I have this sexual problem. For the past couple of months (I say it started sometime in August 2010) I've noticed that my libido has been slowly eroding and has reached a point where I feel dead. I tried to ignore it as a temporary problem, but it just wouldn't improve. Masturbation started to feel less and less pleasurable (I don't have a partner and never had one), porn started to excite me less and less, and started having less and less sexual fantasies. Things that used to turn me on just won't do it for me any more. I don't have trouble getting an erection, I still have sexual drive, but I can't make anything out of it. Whenever I masturbate these days, it just feels wooden and I feel desperately dissatisfied. I just can't reach proper level of orgasm.

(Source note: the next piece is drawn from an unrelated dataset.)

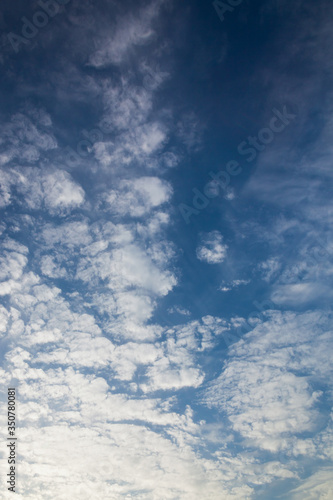 秋の空と雲(11月) © sea-walker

I'm a 23 year old man, so I shouldn't be feeling like an 80 year old already.
This is especially puzzling and frustrating for me because my libido used to be at a level where I felt like a completely obsessed sex addict. Back in time before the problem started, I remember once spending 5 hours on a sexual fantasy without the help of any porn in middle of writing an important essay. I would spend hours everyday on porn and sexual fantasies in my head. Many nights I couldn't sleep until I masturbated. I could be exhausted, hungry, sick with flu, etc. and I would still have the energy to masturbate. I was also vividly addicted to pornography and so far I have collected tens of thousands of pictures and videos on my computer that takes up 130gig of my hard drive. I felt so hypersexual that I actually thought about seeking help here for sexual addiction, but now... it's the exact opposite. My sexual satisfaction is so low that I'm feeling extremely depressed.
I've read things online that might give some clue as to the problem I'm facing. I've read that depression can cause low sex drive, but I feel much less depressed compared to few years ago and depression back in my teenage years never really effected my sexual satisfaction. My diet has been almost same, so it can't be that. I've had high sexual satisfaction on times when I didn't even eat properly. I'm exercising more than I used to, so that can't be the reason either. I mean, I really have no clue why this suddenly happened to me. Could it be that I stopped taking Adderall? I was on them for about a year before I quit them last year, but I have hard time accepting that as an explanation because I don't think my sex drive was influenced by them.
I think I should also mention that I also feel less excited than I used to. Music doesn't excite me the way it used to and I just feel a bit apathetic. I used to feel great deal of anxiety and anger, but those emotions seem much more subdued these days. But really, they are somewhat minor changes compared to my sexual problem. I feel like I just suddenly got castrated or my dopamine pool is empty or something.